*** Opening Exercise data ***

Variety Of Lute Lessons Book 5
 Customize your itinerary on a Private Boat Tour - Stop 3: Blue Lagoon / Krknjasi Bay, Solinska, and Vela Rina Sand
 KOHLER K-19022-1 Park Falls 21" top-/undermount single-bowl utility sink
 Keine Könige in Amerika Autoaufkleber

*** Closing Exercise data ***

### What to do
All of the data above needs to be written out exactly.

### Solution to the exercise
Variety Of Lute Lessons Book 5
 Customize your itinerary on a Private Boat Tour - Stop 3: Blue Lagoon / Krknjasi Bay, Solinska, and Vela Rina Sand
 KOHLER K-19022-1 Park Falls 21" top-/undermount single-bowl utility sink
 Keine Könige in Amerika Autoaufkleber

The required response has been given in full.